RE: Is blackface always offensive?
April 20, 2019 at 2:07 am
(This post was last modified: April 20, 2019 at 2:09 am by Athene.)
Historical context, OP. If you're interested.
https://www.history.com/news/blackface-h...sm-origins
Excerpts below:
https://www.history.com/news/blackface-h...sm-origins
Excerpts below:
Quote:The portrayal of blackface–when people darken their skin with shoe polish, greasepaint or burnt cork and paint on enlarged lips and other exaggerated features, is steeped in centuries of racism. It peaked in popularity during an era in the United States when demands for civil rights by recently emancipated slaves triggered racial hostility. And today, because of blackface’s historic use to denigrate people of African descent, its continued use is still considered racist.

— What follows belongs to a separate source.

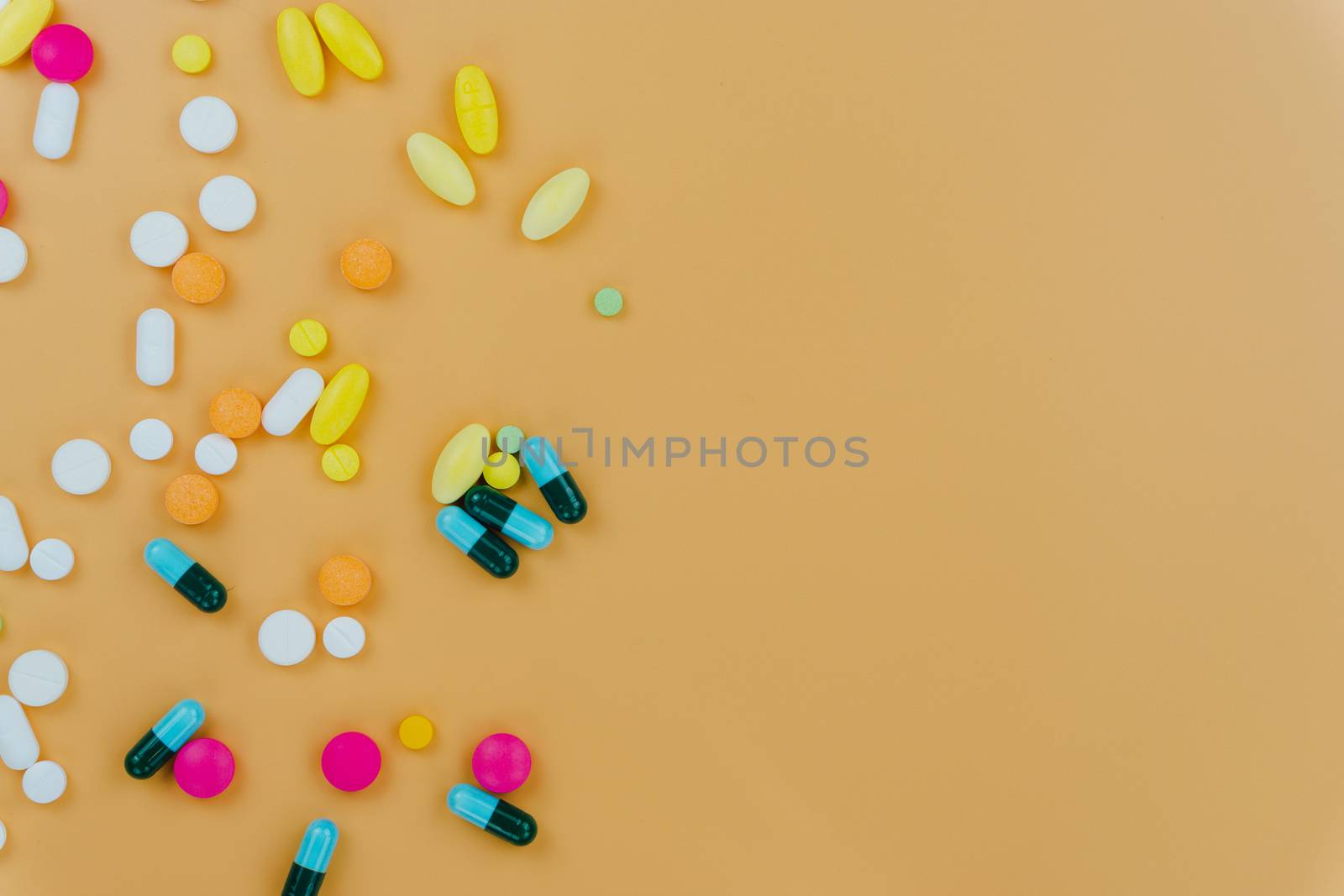 Assorted pharmaceutical medicine pills, tablets and capsules, and bottle on yellow background. Copy space for text, top view.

“It’s an assertion of power and control,” says David Leonard , a professor of comparative ethnic studies and American studies at Washington State University. “It allows a society to routinely and historically imagine African Americans as not fully human. It serves to rationalize violence and Jim Crow segregation.”

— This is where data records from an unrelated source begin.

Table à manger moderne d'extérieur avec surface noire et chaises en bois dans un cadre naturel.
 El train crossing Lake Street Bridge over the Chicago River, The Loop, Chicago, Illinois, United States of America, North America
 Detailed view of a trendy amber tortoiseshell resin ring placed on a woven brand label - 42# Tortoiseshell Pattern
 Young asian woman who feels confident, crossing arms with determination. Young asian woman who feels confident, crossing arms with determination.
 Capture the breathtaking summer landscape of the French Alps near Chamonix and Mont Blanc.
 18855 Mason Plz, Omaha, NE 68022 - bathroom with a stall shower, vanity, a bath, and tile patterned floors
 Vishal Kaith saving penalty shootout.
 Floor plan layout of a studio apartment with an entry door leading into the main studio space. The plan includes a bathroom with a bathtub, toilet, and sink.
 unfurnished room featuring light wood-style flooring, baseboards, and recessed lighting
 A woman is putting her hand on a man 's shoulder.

Quote:Blackface minstrel shows soared in popularity, in particular, during the period after the Civil War and into the start of the 20th century, as documented in the Smithsonian National Museum of African American History and Culture’s official blackface history. The widespread demeaning portrayals of African Americans paralleled a period when southern state legislatures were passing “black codes” to restrict the behavior of former slaves and other African Americans. In fact, the codes were also called “Jim Crow” laws, after the blackface stage character.
Quote:As society modernized, so did the ways in which blackface was portrayed. Not only was blackface in theaters, but it moved to the film industry. In the blockbuster movie The Birth of a Nation, blackface characters were seen as unscrupulous and rapists. The stereotypes were so powerful they became a recruiting tool for the Ku Klu Klan. African Americans protested the film’s portrayals and its distorted take on the post-Civil War era, yet it continued to be popular among white audiences.